- **WHAT THE TASK ASKS**
From the very first line of the data to the line containing "CT license plate AK75616", retype everything exactly, leaving the pictures behind.

- **SOURCE MATERIAL**
■ ■ ■ ■ ■ ■ ■

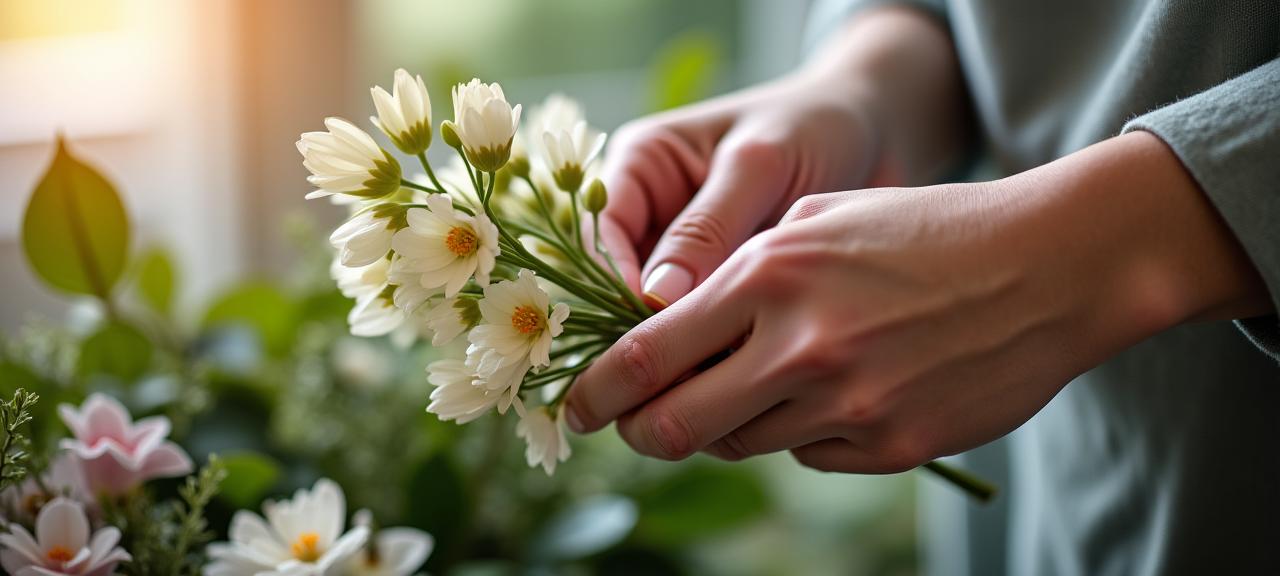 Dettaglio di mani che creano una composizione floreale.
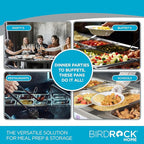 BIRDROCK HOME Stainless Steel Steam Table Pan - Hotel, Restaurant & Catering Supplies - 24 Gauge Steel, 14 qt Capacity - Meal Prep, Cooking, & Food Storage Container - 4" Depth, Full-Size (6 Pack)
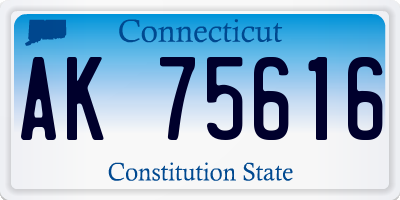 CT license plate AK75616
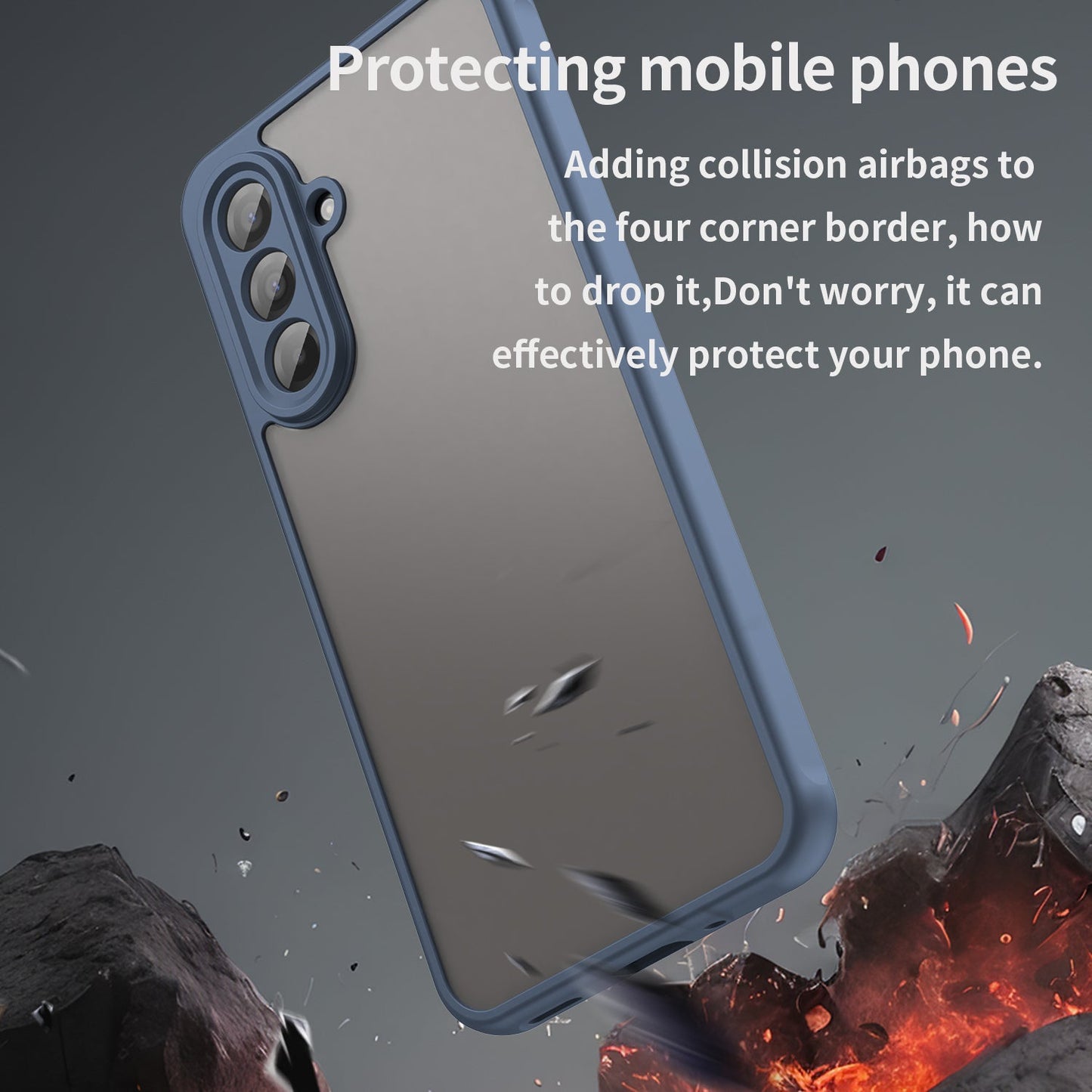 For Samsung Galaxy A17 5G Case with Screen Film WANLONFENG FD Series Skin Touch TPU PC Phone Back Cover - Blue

■ ■ ■ ■ ■ ■ ■

- **ANSWER TO THIS TASK**
 Dettaglio di mani che creano una composizione floreale.
 BIRDROCK HOME Stainless Steel Steam Table Pan - Hotel, Restaurant & Catering Supplies - 24 Gauge Steel, 14 qt Capacity - Meal Prep, Cooking, & Food Storage Container - 4" Depth, Full-Size (6 Pack)
 CT license plate AK75616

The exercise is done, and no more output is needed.